Restate, exactly as written, the entries below from the line that holds "Mujer con un" through the line that holds "Woman smiling while looking at smartphone". Pictures are not part of the copy.

## MATERIALS PROVIDED:
________
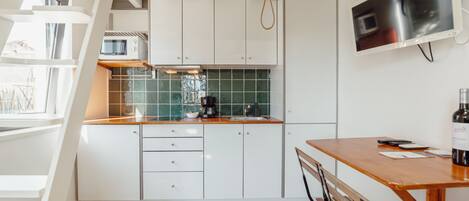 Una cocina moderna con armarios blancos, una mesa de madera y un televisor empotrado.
________
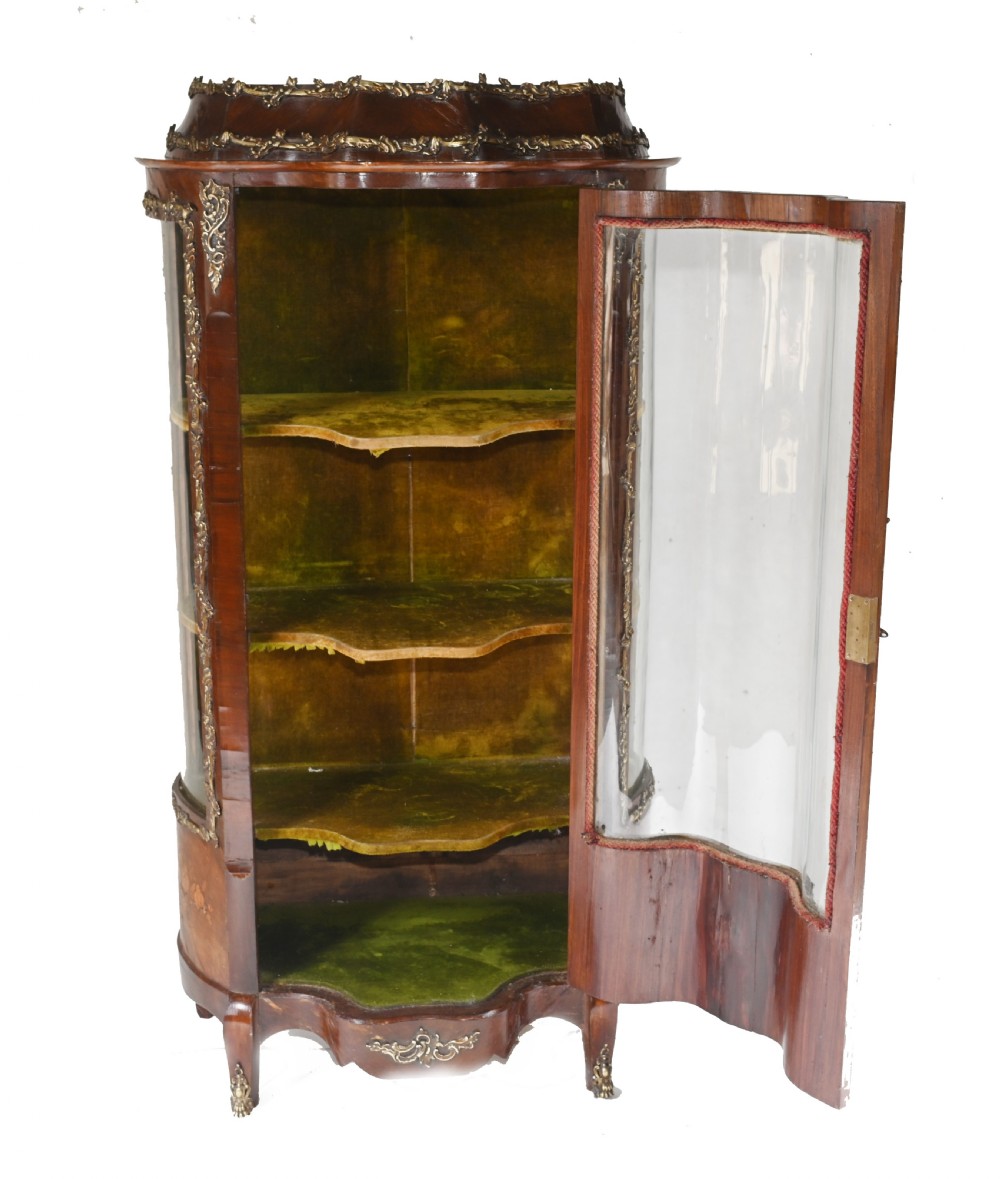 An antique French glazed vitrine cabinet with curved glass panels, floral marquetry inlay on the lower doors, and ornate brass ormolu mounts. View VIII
________
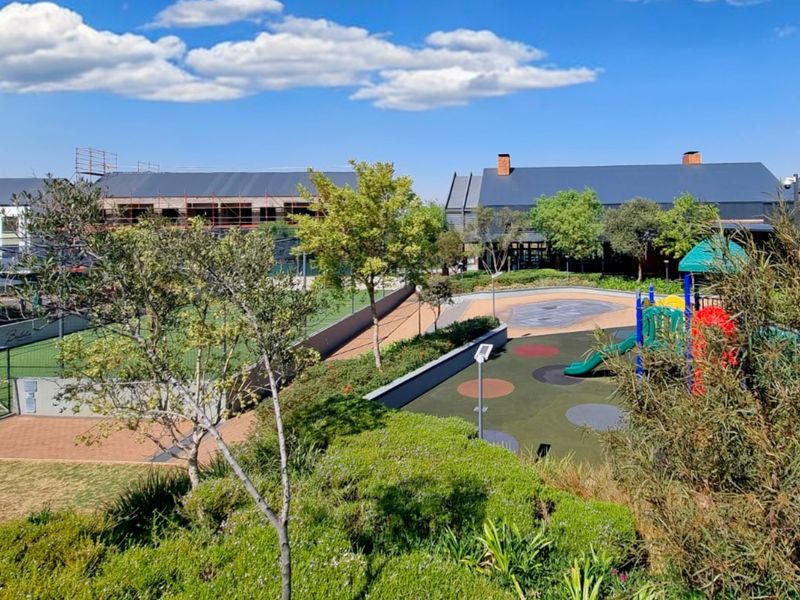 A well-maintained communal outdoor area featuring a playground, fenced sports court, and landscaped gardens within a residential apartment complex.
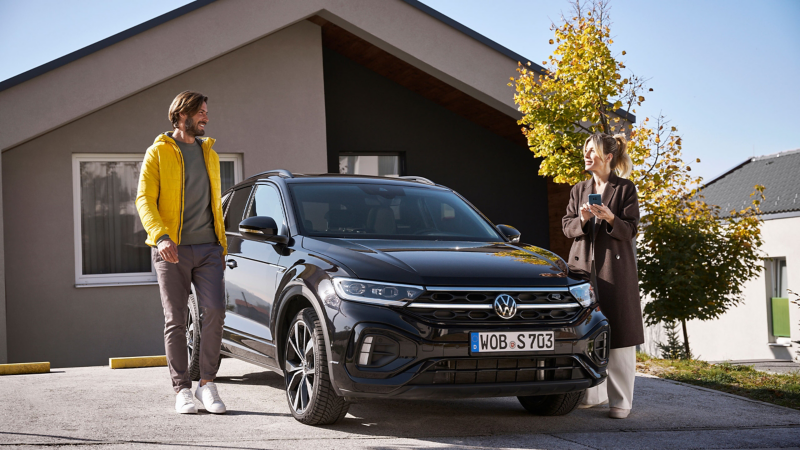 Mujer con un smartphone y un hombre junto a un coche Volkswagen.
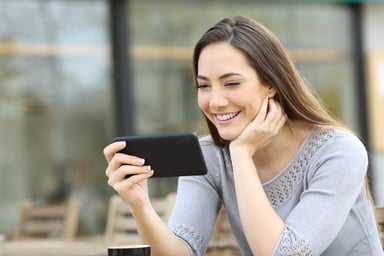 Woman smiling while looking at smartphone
________
## FINISHED EXERCISE:
 Mujer con un smartphone y un hombre junto a un coche Volkswagen.
 Woman smiling while looking at smartphone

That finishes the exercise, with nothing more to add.